▸ **DIRECTIONS FOR THIS TASK**
In your copy of the listing below, reproduce each word exactly and include no pictures.

▸ **SUPPLIED INFORMATION**
::::
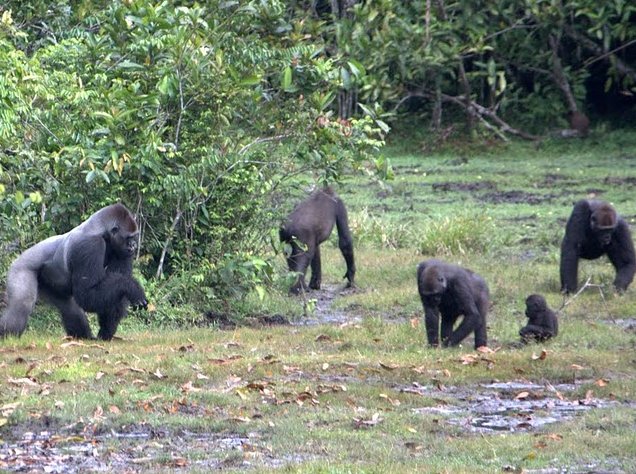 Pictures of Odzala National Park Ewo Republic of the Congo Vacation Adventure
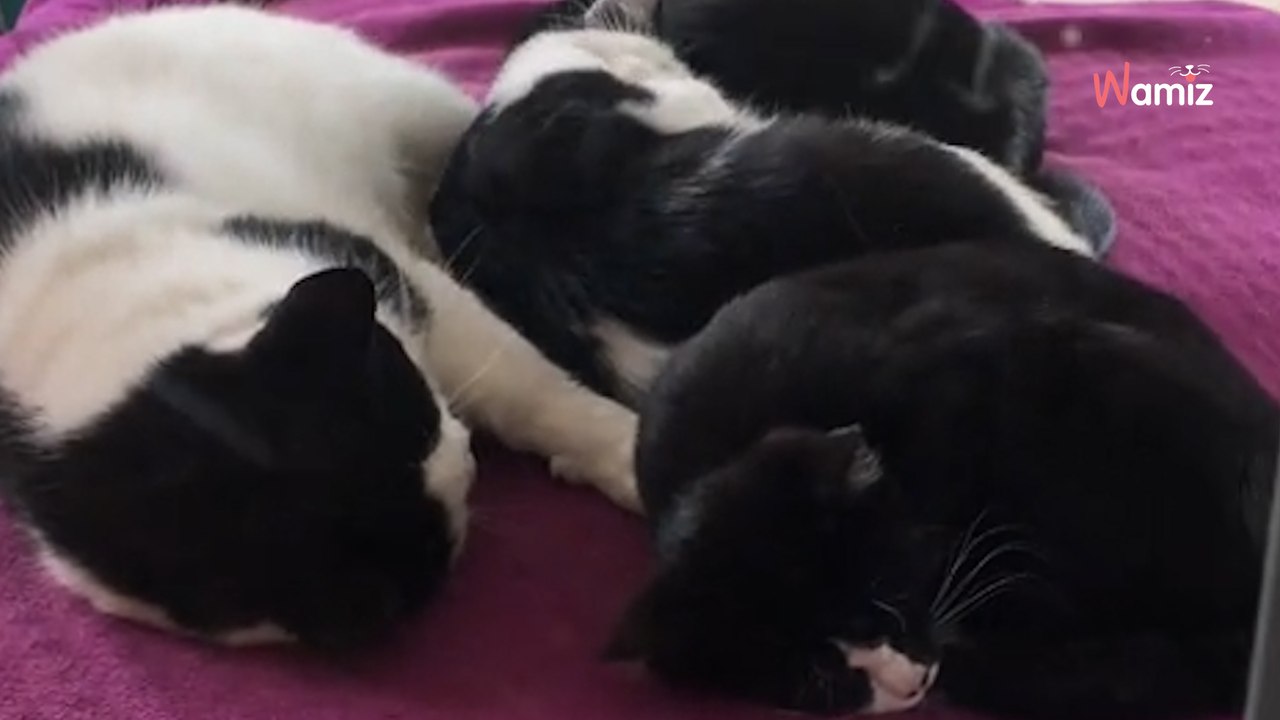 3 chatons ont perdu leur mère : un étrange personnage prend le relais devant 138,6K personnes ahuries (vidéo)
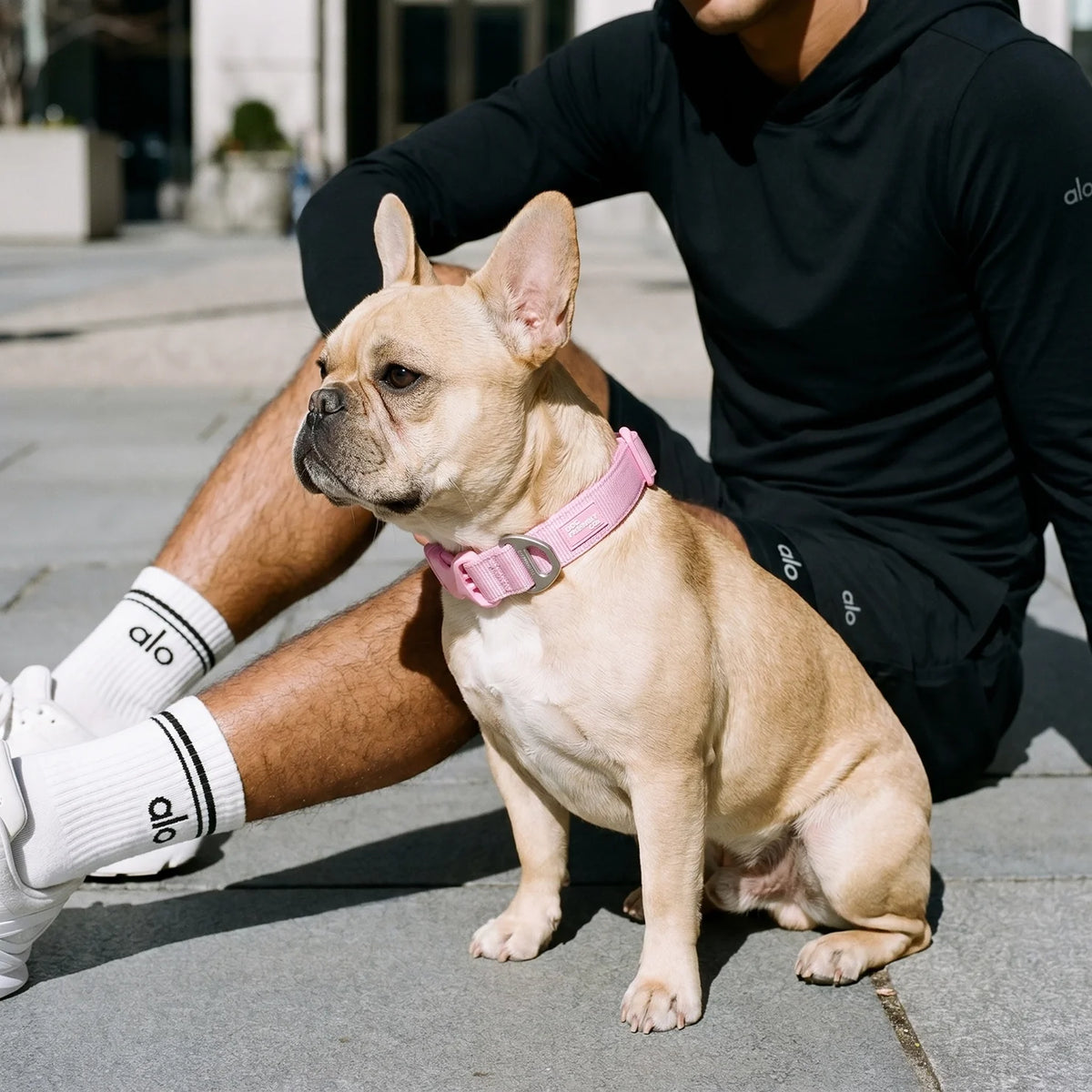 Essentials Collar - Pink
::::
▸ **THE ANSWER**
 Pictures of Odzala National Park Ewo Republic of the Congo Vacation Adventure
 3 chatons ont perdu leur mère : un étrange personnage prend le relais devant 138,6K personnes ahuries (vidéo)
 Essentials Collar - Pink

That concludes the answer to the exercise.